- Born: August 19, 1906 Tripoli, Syria
- Died: April 9, 1962 (aged 55) Leningrad, Soviet Union

= Leonid Solovyov (writer) =

Russian playwright (1906–1962)

Leonid Vasilyevich Solovyov (Леони́д Васи́льевич Соловьёв) (August 19, 1906 - April 9, 1962) was a Russian writer and playwright.

==Life and works==
Born in Tripoli, Syria (now Lebanon) where his father taught at the Russian consulate, he began writing as a newspaper correspondent (in Uzbek) for the Pravda Vostoka, published in Tashkent. His first stories and sketches of life in Central Asia and the Middle East appeared in that newspaper and led to several collections of short stories.

His first book was Lenin in Eastern Folk Art (Moscow, 1930), which he described as "a volume of Central Asian post-revolutionary folklore." He is known for The Book of My Youth, and Tale of Hodja Nasreddin. It is based on the tales of the Middle Eastern folk hero Nasreddin (much as the 19th Century Belgian Charles De Coster based his own "Thyl Ulenspiegel and Lamme Goedzak" on the similar North European folk hero Till Eulenspiegel).

During the Second World War, Solovyov served as a war correspondent and produced several wartime stories and screenplays. He also served for some time during that war in the Russian Navy, and several novels grew from his experiences there.

In 1946, Solovyov was accused of conspiring to commit acts of terrorism against the Soviet state. He was interned in several prison camps until 1954, when he was cleared of all charges and released. The second part of The Tale of Hodja Nasreddin, subtitled "The Enchanted Prince", was written in the Dubravlag forced labor camp and completed around 1950. After his release, Solovyov settled in Leningrad. The two parts of The Tale of Hodja Nasreddin were published together for the first time in 1956 and enjoyed a very favorable reception.

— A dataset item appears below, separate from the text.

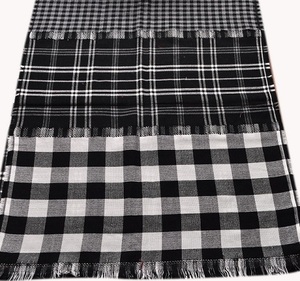 Acrylic Cutting Dobby Stole Scarf Custom Luxury Two-Side Pure long Scarf Checkered Traditional Knitted Scarf - Product Image 1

The Tale of Hodja Nasreddin contains two novels: Disturber of the Peace, or Hodja Nasreddin in Bokhara (Возмутитель спокойствия) and The Enchanted Prince (Очарованный принц). The whole novel has been translated into dozens of languages including Turkish, Persian, Bengali, Hindi, Uzbek and Hebrew.

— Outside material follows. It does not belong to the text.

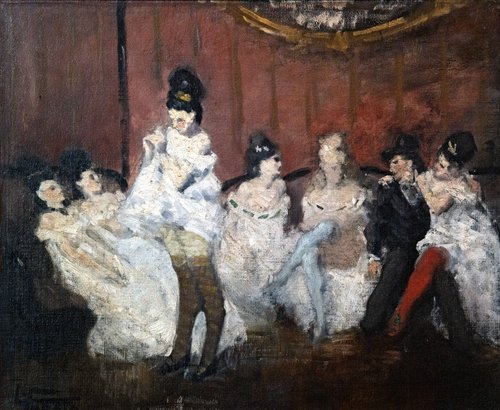 Le salon, , Jean-Louis Forain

Both volumes were translated into English, the first appearing in the United States as Disturber of the Peace (1940), reprinted in 1956 as The Beggar in the Harem. Impudent Adventures in Old Bukhara (in England as Adventures in Bukhara). A new translation was released in 2009 under the title The Tale of Hodja Nasreddin: Disturber of the Peace (Translit Publishing, November 2009). The second volume appeared in 1957 as The Enchanted Prince.

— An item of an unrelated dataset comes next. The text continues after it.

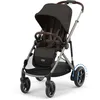 Image de CYBEX Poussette Gold e-GAZELLE S, de la naissance à environ 4 ans, max. 22 kg (mode simple) / 2x 22 kg (mode duo), système tout-en-1 avec propulsion électrique et 20+ configurations, brun chocolat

The book was translated into Hebrew and adapted as a very successful play presented by the Cameri Theater in Tel Aviv, and revived on several later occasions. The satirical song "In Beautiful Bokahara" (בבוכרה היפה), derived from the play, gained a life of its own, being performed by various well-known Israeli singers such as Arik Lavi and Nissim Garameh

Leonid Solovyov also wrote many screenplays including one based on Nikolai Gogol's story "The Overcoat".